> TASK GOAL: An acceptable response holds only the line containing "Bito Fachbodenregal /" and every line after it to the end of the records, each reproduced exactly.

[Start of Attachment]

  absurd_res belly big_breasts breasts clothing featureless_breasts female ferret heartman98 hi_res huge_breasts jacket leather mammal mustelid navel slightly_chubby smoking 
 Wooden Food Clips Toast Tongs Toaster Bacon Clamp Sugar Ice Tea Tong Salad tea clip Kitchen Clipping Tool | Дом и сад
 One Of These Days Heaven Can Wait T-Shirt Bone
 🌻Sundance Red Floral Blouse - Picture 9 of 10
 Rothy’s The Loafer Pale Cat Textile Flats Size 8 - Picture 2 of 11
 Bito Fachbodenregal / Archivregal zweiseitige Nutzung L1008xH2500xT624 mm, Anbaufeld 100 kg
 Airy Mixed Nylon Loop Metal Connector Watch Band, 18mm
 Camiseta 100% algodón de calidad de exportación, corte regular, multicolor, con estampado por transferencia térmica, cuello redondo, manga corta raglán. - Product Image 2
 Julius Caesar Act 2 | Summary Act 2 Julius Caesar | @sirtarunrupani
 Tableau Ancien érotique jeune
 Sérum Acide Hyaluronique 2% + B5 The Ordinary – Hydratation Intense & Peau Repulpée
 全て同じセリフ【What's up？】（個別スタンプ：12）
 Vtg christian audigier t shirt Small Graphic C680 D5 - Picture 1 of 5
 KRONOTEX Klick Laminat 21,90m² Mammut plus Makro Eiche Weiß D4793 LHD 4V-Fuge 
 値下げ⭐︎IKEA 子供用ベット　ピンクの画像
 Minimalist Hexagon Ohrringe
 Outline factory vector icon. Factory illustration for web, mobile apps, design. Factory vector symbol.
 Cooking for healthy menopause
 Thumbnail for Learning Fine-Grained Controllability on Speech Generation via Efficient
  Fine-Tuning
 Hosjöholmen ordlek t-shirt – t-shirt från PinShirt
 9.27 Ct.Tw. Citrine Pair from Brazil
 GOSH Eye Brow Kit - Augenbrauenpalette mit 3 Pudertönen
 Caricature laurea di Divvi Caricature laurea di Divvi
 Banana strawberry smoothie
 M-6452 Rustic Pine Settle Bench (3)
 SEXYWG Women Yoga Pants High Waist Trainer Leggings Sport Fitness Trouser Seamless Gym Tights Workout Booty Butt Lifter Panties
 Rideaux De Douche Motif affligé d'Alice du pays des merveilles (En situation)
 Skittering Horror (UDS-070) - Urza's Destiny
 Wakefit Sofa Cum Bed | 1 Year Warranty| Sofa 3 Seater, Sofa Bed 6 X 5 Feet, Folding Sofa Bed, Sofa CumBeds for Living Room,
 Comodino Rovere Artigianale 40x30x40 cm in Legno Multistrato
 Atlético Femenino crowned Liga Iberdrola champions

[End of Attachment]

> ANSWER TO THE EXERCISE:
 Bito Fachbodenregal / Archivregal zweiseitige Nutzung L1008xH2500xT624 mm, Anbaufeld 100 kg
 Airy Mixed Nylon Loop Metal Connector Watch Band, 18mm
 Camiseta 100% algodón de calidad de exportación, corte regular, multicolor, con estampado por transferencia térmica, cuello redondo, manga corta raglán. - Product Image 2
 Julius Caesar Act 2 | Summary Act 2 Julius Caesar | @sirtarunrupani
 Tableau Ancien érotique jeune
 Sérum Acide Hyaluronique 2% + B5 The Ordinary – Hydratation Intense & Peau Repulpée
 全て同じセリフ【What's up？】（個別スタンプ：12）
 Vtg christian audigier t shirt Small Graphic C680 D5 - Picture 1 of 5
 KRONOTEX Klick Laminat 21,90m² Mammut plus Makro Eiche Weiß D4793 LHD 4V-Fuge 
 値下げ⭐︎IKEA 子供用ベット　ピンクの画像
 Minimalist Hexagon Ohrringe
 Outline factory vector icon. Factory illustration for web, mobile apps, design. Factory vector symbol.
 Cooking for healthy menopause
 Thumbnail for Learning Fine-Grained Controllability on Speech Generation via Efficient
  Fine-Tuning
 Hosjöholmen ordlek t-shirt – t-shirt från PinShirt
 9.27 Ct.Tw. Citrine Pair from Brazil
 GOSH Eye Brow Kit - Augenbrauenpalette mit 3 Pudertönen
 Caricature laurea di Divvi Caricature laurea di Divvi
 Banana strawberry smoothie
 M-6452 Rustic Pine Settle Bench (3)
 SEXYWG Women Yoga Pants High Waist Trainer Leggings Sport Fitness Trouser Seamless Gym Tights Workout Booty Butt Lifter Panties
 Rideaux De Douche Motif affligé d'Alice du pays des merveilles (En situation)
 Skittering Horror (UDS-070) - Urza's Destiny
 Wakefit Sofa Cum Bed | 1 Year Warranty| Sofa 3 Seater, Sofa Bed 6 X 5 Feet, Folding Sofa Bed, Sofa CumBeds for Living Room,
 Comodino Rovere Artigianale 40x30x40 cm in Legno Multistrato
 Atlético Femenino crowned Liga Iberdrola champions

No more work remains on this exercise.